> **Problem**
Beginning with the line that holds "Lütschine et Jungfrau, en 1900", write out each line exactly as it stands until the end of the data, and include no pictures.

> **Data extract**
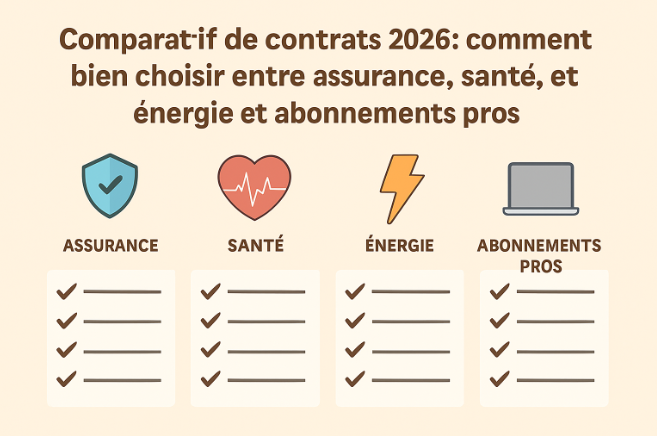 Illustration : comparatif de contrats 2026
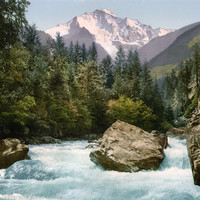 Lütschine et Jungfrau, en 1900 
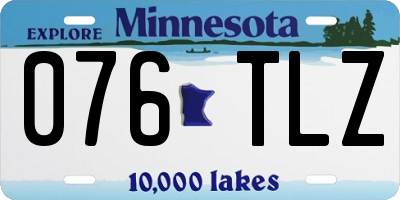 MN license plate 076TLZ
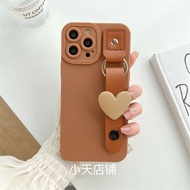 Case For OPPO Reno 11 F 11F 10 Pro Plus 9 8T 8Z 8 7Z 7 6Z 5Z 5F 4F 5 6 4 3 4Z 5G 2 2Z 2F 10X ZOOM F11 F9 F7 F5 Luxury Cute Wristlet Love Heart  Soft Mobile Phone Case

> **Result for this task**
 Lütschine et Jungfrau, en 1900 
 MN license plate 076TLZ
 Case For OPPO Reno 11 F 11F 10 Pro Plus 9 8T 8Z 8 7Z 7 6Z 5Z 5F 4F 5 6 4 3 4Z 5G 2 2Z 2F 10X ZOOM F11 F9 F7 F5 Luxury Cute Wristlet Love Heart  Soft Mobile Phone Case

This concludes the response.